My husband and I are in moving mode.
Looking for our next place is interesting - there seems to be some differences between what we expect and "the normal layout of the land" in how important the dinner table is and where it should be located.
One difference seem to be that we actually use our dinner table. At least twice every day - and here during work-from-home more like three times.
We know people who don't even have a dinner table - and we wonder how they survive.
Naturally, there are plenty of valid alternatives. Perhaps you have a high counter and a couple of bar stools. Or a sofa. Or people eat in their respective rooms.
Food will be eaten somewhere.
Communal eating - as a family - is close to sacred to Danish families while, apparently, not happening in a lot of American families. It is important to know ones priorities as the calendar otherwise easily fills up with little league, scout meetings, piano lessons, after-school activities...
Both ways are fine - but it should be a conscious decision. We can't create childhood memories after the kids have grown up.
This short video contains a lot of the reasons Danes and other Scandinavian families meet around the dinner table.

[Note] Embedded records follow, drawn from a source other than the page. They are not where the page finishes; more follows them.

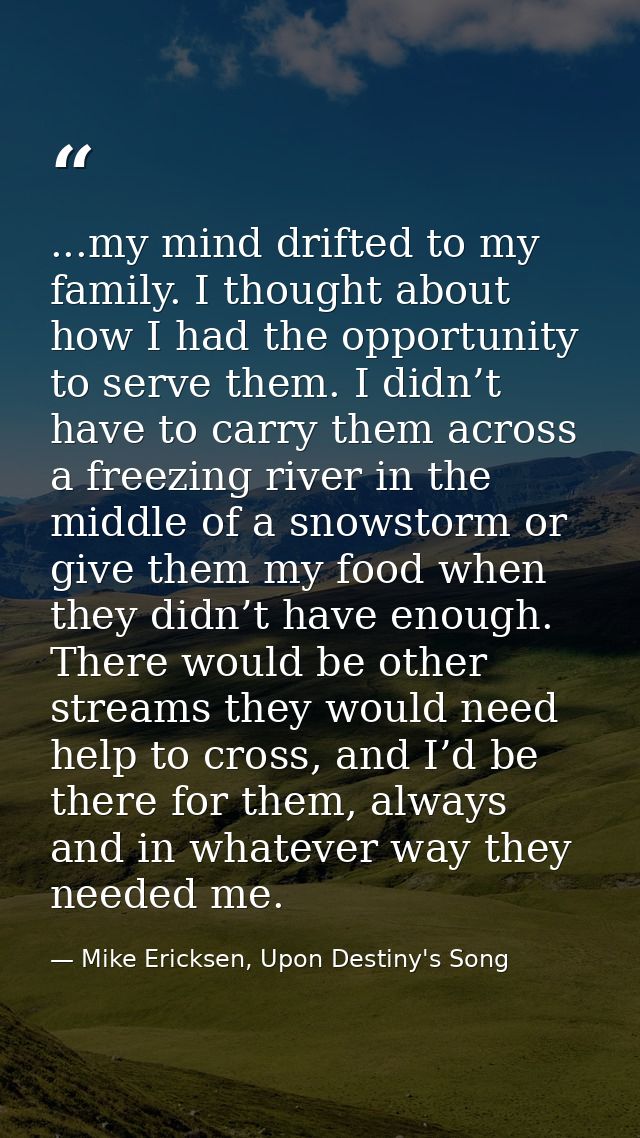 ...my mind drifted to my family. I thought about how I had the opportunity to serve them. I didn’t have to carry them ac — Mike Ericksen, Upon Destiny's Song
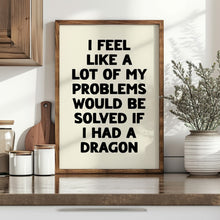 Load image into Gallery viewer, I Feel Like A Lot Of My Problems Print
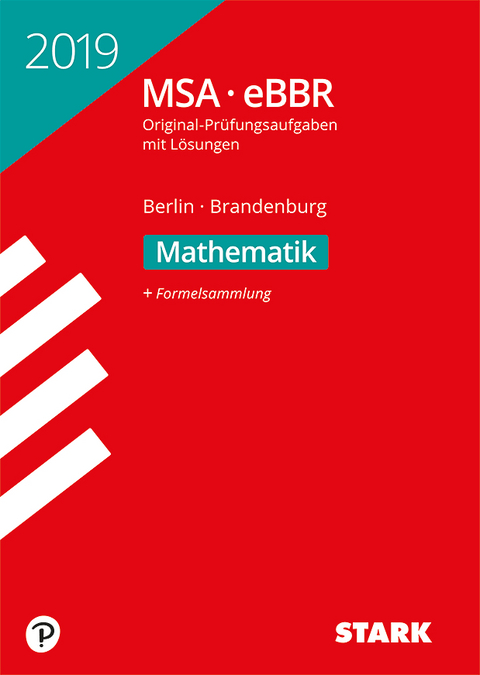 Original-Prüfungen MSA/eBBR 2019 - Mathematik - Berlin/Brandenburg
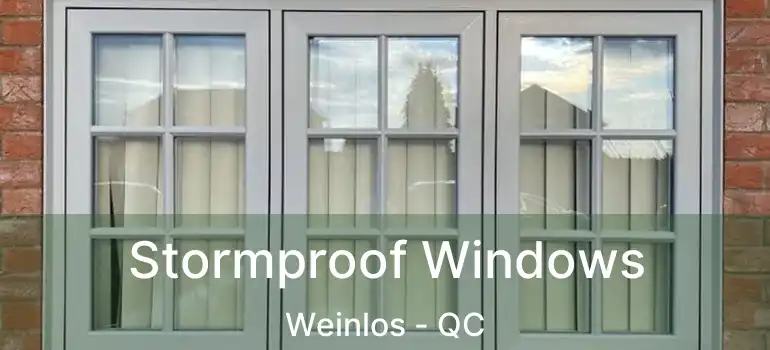 Stormproof Windows Weinlos - QC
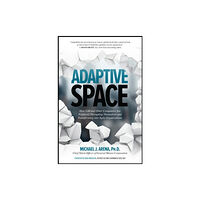 McGraw-Hill Education Adaptive Space: How GM and Other Companies are Positively Disrupting Themselves and Transforming into Agile Organization...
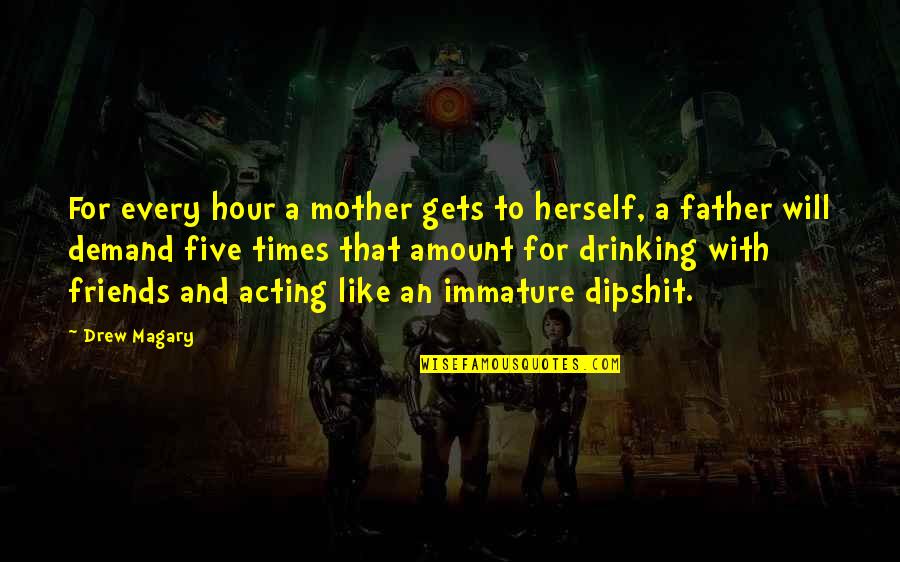 Over Acting Friends Quotes By Drew Magary: For every hour a mother gets to herself,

Notice, that in the movie the table is round. That is chosen for effect. But whether the physical tabletop is round, rectangular, or super ellipse, nobody sits at the proverbial head of the table. Everybody gets talking time.
My children refer to these many evenings as their "Dinner Table MBA" because everything can be discussed: the history of summer saving time, politics, news from ye ole country, their parent's latest startups, differences between cultural norms...
Please put phones away - it is also listening time.